Now it's time for the main function. We start by opening the main job offers website and iterating over each state.

There's a dropdown menu with the names of each state in Mexico, we select one at a time and browse the first 5 pages of results.

driver = create_driver()

for state in STATES:

    print("Checking:", state)
    driver.get(INITIAL_URL)
    states_select = Select(driver.find_element_by_id("domEntFed"))
    states_select.select_by_visible_text(state)
    driver.find_element_by_xpath("//input[@value='Buscar']").click()

    # Look at the first 5 pages of results.
    for i in range(5):

        driver.find_element_by_xpath(
            "//input[@value='{}']".format(i+1)).click()
        time.sleep(3)

        # Iterate over each individual listing.
        for link in driver.find_elements_by_partial_link_text("Ver vacante"):
            listing_url = link.get_attribute("href")
            file_name = listing_url.split("=")[-1] + ".html"

            # If the job listing is not already saved we save it.
            if file_name not in os.listdir(ROOT_FOLDER + state):

                with main_session.get(listing_url, headers=HEADERS, verify=False) as response:

                    with open("{}{}/{}".format(ROOT_FOLDER, state, file_name), "w", encoding="utf-8") as temp_file:
                        temp_file.write(response.text)
                        update_log(state + "/" + file_name)
                        print("Successfully Saved:", file_name)
                        time.sleep(0.5)

driver.close()

We used the Requests module to save the contents of each listing. The job listings were not served using Java Server Faces so they can be accessed with a permanent link.

We implemented a few checks to avoid saving duplicate files and a log mechanism to store the date and time.

Fixing Corrupt Files

The website had a lot of issues, sometimes I got 404 errors, sometimes it didn't even loaded.

For this reason I created a script that fixed all the files that were corrupted.

We start by iterating over each folder and check the size of each file, if the file size is too small it means we downloaded a corrupted one.

for folder in os.listdir(MAIN_FOLDER):

    for file in os.listdir(MAIN_FOLDER + folder):

        full_path = MAIN_FOLDER + folder + "/" + file

        if os.stat(full_path).st_size <= 20000:
            redownload(full_path)

        check_file(full_path)

There's a secondary issue, sometimes we download a normal sized document but it has the contents of the 404 error page. We use the following function to check for that scenario.

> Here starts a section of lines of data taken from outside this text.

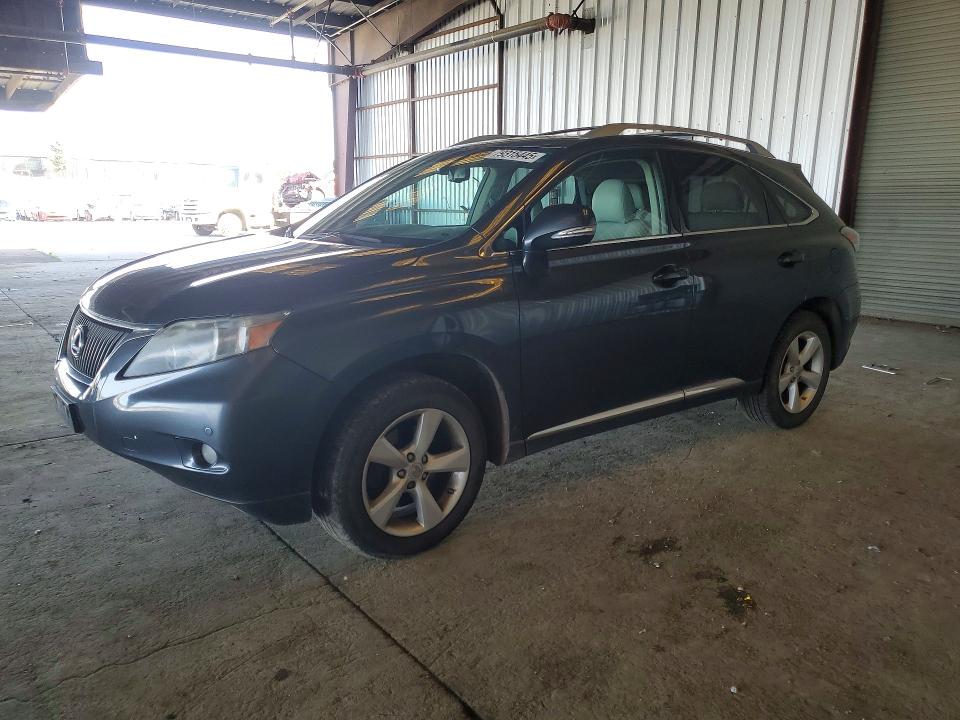 79315445 :رقم المزاد ، 2T2BK1BA8BC092963 vin ، 2011 Lexus Rx 350 مزاد بيع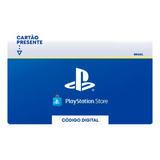 Cartao Psn 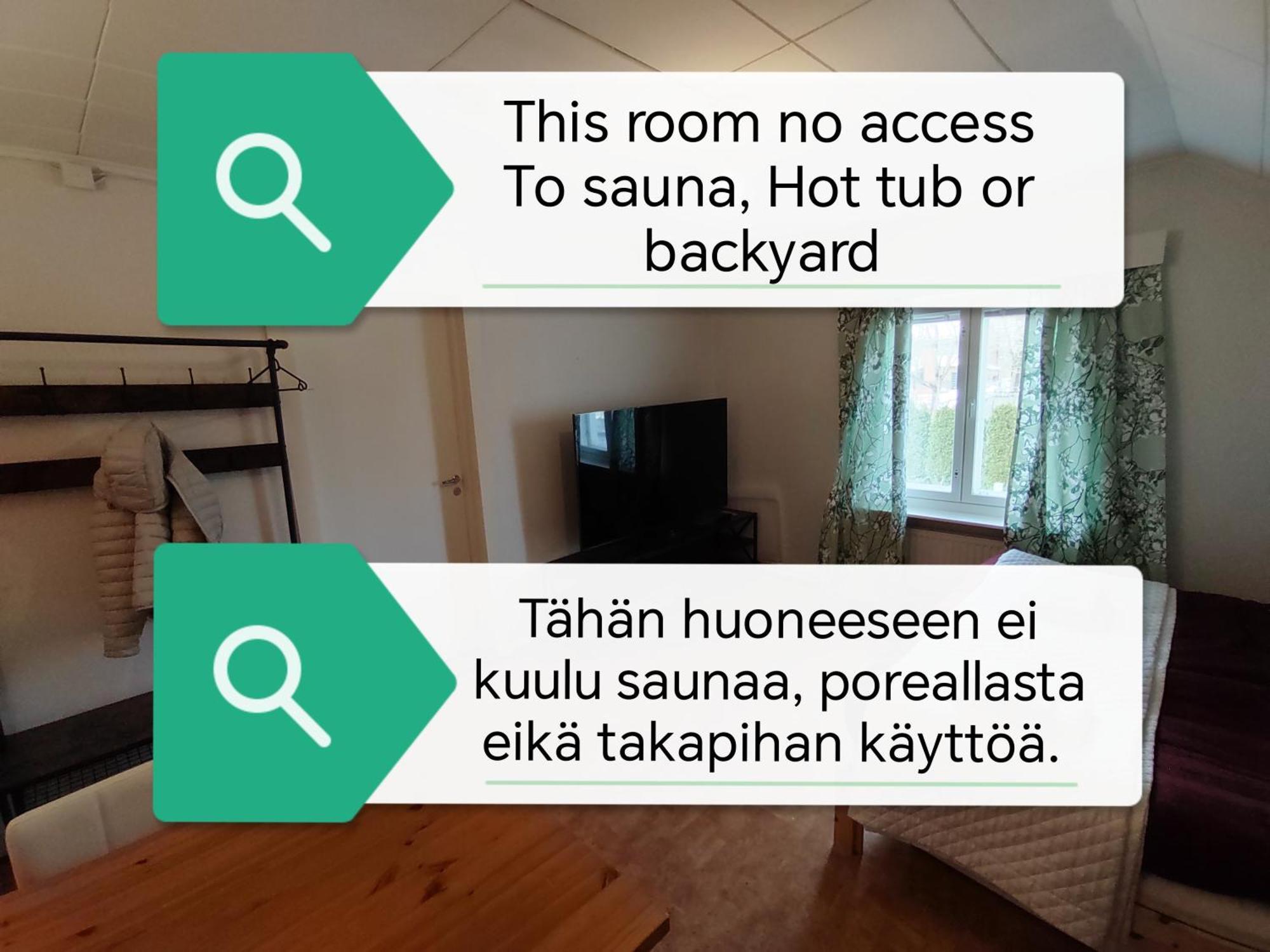 Kalle'S Unluxury Guest House Cl0Sed From 1St Of Feb 2025 Helsinki Szoba fotó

def check_file(full_path):

    with open(full_path, "r", encoding="utf-8") as temp_file:

        file_text = temp_file.read()

        if "Error 404" in file_text:
            print("Error", full_path)
            redownload(full_path)

And finally, we have the redownload function, which redownloads the HTML document and replaces the old one.

def redownload(full_path):

    file_id = full_path.split("/")[-1].replace(".html", "")
    base_url = f"https://www.empleo.gob.mx/{file_id}-oferta-de-empleo-de-empleado-test-"

    with requests.get(base_url, headers=HEADERS, verify=False) as response:

        with open(full_path, "w", encoding="utf-8") as temp_file:
            temp_file.write(response.text)
            print("Redownloaded:", full_path)
            time.sleep(1)

I had to run this script daily and it usually fixed all the corrupt files on the first run.

Data Extraction and Transformation

Extracting the data from the HTML documents is made using lxml which is a very fast parser. I found out that the HTML documents came in at least 3 different formats. We will use XPath to make the parsing more consistent.

We will make the use of a list of lists that will be later saved to a CSV file. We initialize this list with a header row and start iterating over all of our files.

data_list = list()
data_list.append(["isodate", "offer", "salary", "contract_type", "start_hour",
                    "end_hour", "hours_worked", "monday", "tuesday", "wednesday",
                    "thursday", "friday", "saturday", "sunday", "days_worked",
                    "state", "municipality", "education_level", "experience", "languages"])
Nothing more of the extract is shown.